TOM: Is the enrollment period the same for the Affordable Care Act?

 MELLODY: if you are going through, you enroll in a qualified health plan in the marketplace. For coverage starting in 2015, the open enrollment period is November 15, 2014–February 15, 2015, unless you qualify for special enrollment periods outside of open enrollment, if they experience certain events.

 TOM: You also mentioned other insurance. What should we think about on that front?

MELLODY: This is a big one that so many people forget to think about. Along with health insurance, open enrollment is also the time that you are allowed to adjust your life insurance coverage and your disability insurance coverage – both short-term and long-term. You want to check your life insurance coverage to make sure it coverage all of your financial obligations in the event of an accident – things like credit card debt or any loans – and your house if you are married. And, as we have talked about on Money Mondays before, disability insurance is really very necessary, as 1 in 4 Americans will have an accident or emergency that will prevent them for working for a period of time at some point during their career. So the annual open enrollment period is important for your financial future in terms of this insurance coverage as well.

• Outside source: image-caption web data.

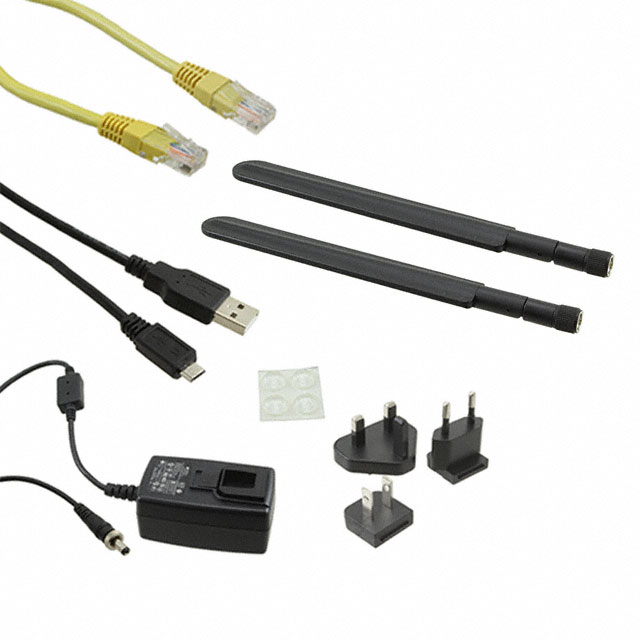 MTCDT-LEU1-210A-EU-GB - MTCDT-LEU1-210A-EU-GB_Content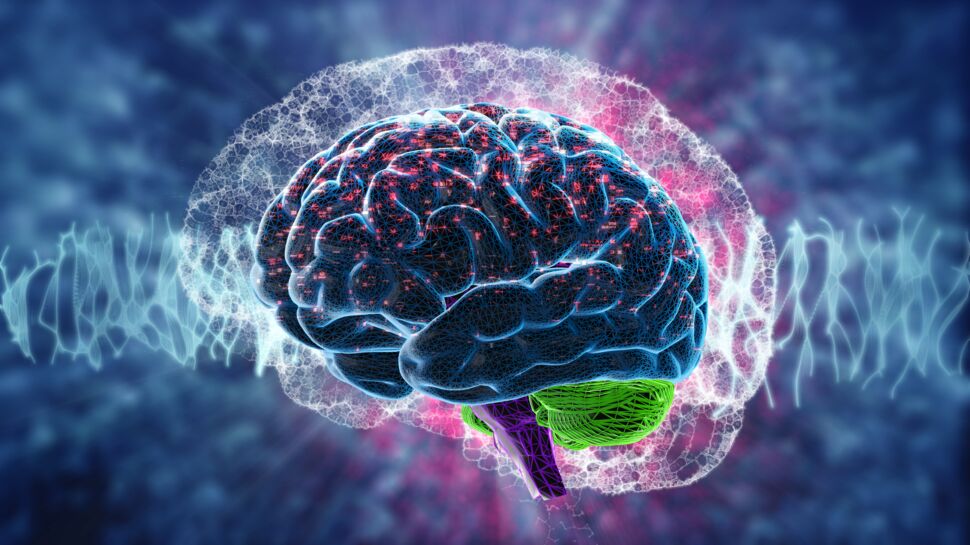 Alzheimer : un nouveau diagnostic plus performant ?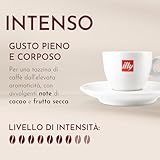 illy B000SUUBY2 lato 2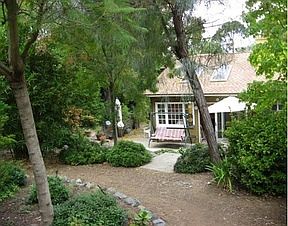 2nd image of 2231 Avenida Del Diablo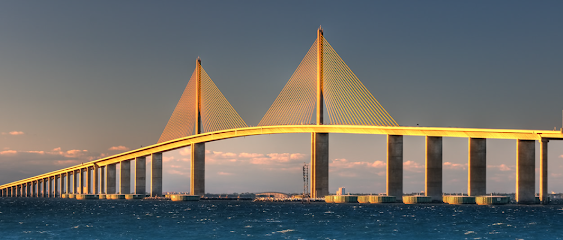 Greater Tampa Law, P.L.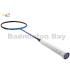 Felet TJ 1000 Control Blue Badminton Racket (4U-G1)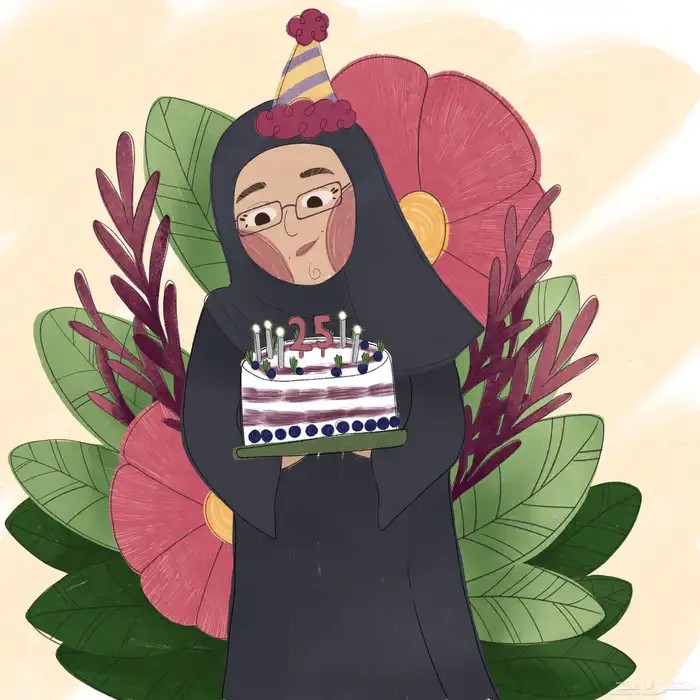 تحويل الصور الى انيميشن 0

TOM: OK, we have covered open enrollment. What else should we be thinking about this fall?

MELLODY: Fall is a great time to develop a budget for the upcoming year, tom. Sitting down and drafting a budget with your financial goals for 2015 is a great way to get ahead of the game. Start by tracking your expenses so far in 2014. Go through your bank statements, your pay stubs, your bills, everything. Once you have all of your expenses in front of you – even the smallest ones – you can start thinking about how you can reallocate your money for next year’s financial goals.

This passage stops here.